[[ Material provided open ]]

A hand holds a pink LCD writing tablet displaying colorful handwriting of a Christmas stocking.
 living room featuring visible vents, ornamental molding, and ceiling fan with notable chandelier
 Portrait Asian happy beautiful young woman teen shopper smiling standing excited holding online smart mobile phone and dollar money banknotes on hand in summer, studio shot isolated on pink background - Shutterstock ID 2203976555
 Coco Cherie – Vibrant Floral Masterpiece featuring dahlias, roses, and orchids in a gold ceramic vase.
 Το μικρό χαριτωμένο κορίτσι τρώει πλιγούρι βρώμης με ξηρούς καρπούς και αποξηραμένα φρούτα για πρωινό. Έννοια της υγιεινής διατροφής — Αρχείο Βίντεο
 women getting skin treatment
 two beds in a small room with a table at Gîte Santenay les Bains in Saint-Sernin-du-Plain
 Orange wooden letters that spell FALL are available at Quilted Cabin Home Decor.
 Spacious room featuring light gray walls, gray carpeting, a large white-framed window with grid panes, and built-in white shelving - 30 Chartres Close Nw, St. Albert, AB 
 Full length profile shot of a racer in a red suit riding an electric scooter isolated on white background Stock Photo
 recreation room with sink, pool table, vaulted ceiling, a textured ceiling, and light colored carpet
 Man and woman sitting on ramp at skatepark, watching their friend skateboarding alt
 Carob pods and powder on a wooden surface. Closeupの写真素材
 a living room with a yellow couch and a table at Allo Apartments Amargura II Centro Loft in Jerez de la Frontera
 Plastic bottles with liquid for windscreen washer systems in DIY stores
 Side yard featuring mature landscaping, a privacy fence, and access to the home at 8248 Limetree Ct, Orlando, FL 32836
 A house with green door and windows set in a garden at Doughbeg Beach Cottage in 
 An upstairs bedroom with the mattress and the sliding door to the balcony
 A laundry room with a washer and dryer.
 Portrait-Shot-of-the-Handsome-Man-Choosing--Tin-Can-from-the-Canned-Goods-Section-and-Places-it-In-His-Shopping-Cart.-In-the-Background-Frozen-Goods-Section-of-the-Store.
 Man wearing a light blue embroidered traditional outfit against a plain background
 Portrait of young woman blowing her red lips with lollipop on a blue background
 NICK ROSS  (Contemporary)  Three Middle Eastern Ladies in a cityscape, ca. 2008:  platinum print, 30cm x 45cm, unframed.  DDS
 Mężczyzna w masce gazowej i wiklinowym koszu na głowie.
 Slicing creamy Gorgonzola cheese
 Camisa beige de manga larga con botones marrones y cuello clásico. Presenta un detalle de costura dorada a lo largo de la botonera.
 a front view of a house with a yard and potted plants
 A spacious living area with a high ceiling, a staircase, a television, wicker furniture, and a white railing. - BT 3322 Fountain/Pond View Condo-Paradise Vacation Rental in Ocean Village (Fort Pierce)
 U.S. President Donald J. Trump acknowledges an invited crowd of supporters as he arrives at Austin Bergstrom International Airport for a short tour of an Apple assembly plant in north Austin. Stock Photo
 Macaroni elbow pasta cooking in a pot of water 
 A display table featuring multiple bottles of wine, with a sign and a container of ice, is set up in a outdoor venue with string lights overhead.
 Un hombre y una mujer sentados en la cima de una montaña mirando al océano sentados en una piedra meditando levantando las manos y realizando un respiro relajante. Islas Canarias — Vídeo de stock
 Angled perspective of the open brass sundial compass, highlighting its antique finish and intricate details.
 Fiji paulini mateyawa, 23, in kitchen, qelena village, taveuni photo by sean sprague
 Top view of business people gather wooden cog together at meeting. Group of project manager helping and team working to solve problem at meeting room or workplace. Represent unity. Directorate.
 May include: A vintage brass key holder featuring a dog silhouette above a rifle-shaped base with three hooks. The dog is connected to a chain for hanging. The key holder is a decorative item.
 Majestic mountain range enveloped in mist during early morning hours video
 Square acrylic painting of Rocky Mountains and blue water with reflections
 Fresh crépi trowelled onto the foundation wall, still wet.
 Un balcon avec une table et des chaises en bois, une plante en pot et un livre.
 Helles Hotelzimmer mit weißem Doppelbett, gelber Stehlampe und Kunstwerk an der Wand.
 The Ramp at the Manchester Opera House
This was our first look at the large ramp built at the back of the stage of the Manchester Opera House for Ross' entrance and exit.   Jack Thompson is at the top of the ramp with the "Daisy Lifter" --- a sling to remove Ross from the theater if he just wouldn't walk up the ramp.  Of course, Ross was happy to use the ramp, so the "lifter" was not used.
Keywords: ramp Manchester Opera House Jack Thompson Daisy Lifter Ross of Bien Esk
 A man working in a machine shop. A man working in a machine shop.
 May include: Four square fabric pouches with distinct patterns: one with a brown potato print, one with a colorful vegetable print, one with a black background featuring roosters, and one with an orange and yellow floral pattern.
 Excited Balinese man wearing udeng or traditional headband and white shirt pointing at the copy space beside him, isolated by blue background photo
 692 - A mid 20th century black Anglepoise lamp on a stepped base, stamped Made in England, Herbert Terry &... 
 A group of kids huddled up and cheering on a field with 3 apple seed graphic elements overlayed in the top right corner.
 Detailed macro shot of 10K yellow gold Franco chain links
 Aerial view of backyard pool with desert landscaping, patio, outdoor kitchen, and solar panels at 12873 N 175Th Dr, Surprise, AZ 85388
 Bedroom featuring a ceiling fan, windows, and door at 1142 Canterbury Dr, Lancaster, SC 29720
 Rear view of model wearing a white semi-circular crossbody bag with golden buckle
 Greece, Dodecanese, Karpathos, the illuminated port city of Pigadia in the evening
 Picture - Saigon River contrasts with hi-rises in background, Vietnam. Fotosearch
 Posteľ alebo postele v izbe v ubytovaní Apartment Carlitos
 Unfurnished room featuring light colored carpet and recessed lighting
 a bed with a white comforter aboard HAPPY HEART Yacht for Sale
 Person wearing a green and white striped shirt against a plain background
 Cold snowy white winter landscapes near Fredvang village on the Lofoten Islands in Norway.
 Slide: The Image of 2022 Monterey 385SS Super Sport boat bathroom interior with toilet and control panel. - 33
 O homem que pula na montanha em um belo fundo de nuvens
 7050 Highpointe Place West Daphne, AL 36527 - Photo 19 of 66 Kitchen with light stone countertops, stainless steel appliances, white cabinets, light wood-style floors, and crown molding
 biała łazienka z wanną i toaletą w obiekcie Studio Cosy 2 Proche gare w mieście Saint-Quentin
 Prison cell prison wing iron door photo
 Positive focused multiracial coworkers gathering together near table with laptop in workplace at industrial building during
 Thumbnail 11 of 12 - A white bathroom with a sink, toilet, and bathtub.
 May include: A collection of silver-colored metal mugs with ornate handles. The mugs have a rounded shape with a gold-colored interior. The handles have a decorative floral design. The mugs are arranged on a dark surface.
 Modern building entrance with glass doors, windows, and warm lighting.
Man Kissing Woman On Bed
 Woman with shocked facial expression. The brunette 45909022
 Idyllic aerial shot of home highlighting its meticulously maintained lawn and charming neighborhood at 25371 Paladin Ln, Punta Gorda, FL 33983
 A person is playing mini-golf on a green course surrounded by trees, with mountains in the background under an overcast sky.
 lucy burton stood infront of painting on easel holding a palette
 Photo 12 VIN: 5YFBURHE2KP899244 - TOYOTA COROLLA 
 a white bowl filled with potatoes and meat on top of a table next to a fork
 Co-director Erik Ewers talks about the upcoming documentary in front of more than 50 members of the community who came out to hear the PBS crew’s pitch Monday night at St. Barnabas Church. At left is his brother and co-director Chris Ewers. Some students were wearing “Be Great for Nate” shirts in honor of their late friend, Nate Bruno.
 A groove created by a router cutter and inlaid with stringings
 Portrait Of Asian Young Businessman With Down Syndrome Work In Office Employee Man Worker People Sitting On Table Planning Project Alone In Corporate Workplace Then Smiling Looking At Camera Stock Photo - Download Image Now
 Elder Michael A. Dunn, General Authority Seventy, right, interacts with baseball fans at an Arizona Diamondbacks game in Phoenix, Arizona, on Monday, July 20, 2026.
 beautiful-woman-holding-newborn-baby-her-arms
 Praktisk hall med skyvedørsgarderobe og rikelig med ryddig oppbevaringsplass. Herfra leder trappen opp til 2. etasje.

[[ Material provided closed ]]

▶ **Activity**: Take the listing above and repeat exactly the lines from the one containing "A house with green" through the one containing "A spacious living", both included.

▶ **Result of the task**:
 A house with green door and windows set in a garden at Doughbeg Beach Cottage in 
 An upstairs bedroom with the mattress and the sliding door to the balcony
 A laundry room with a washer and dryer.
 Portrait-Shot-of-the-Handsome-Man-Choosing--Tin-Can-from-the-Canned-Goods-Section-and-Places-it-In-His-Shopping-Cart.-In-the-Background-Frozen-Goods-Section-of-the-Store.
 Man wearing a light blue embroidered traditional outfit against a plain background
 Portrait of young woman blowing her red lips with lollipop on a blue background
 NICK ROSS  (Contemporary)  Three Middle Eastern Ladies in a cityscape, ca. 2008:  platinum print, 30cm x 45cm, unframed.  DDS
 Mężczyzna w masce gazowej i wiklinowym koszu na głowie.
 Slicing creamy Gorgonzola cheese
 Camisa beige de manga larga con botones marrones y cuello clásico. Presenta un detalle de costura dorada a lo largo de la botonera.
 a front view of a house with a yard and potted plants
 A spacious living area with a high ceiling, a staircase, a television, wicker furniture, and a white railing. - BT 3322 Fountain/Pond View Condo-Paradise Vacation Rental in Ocean Village (Fort Pierce)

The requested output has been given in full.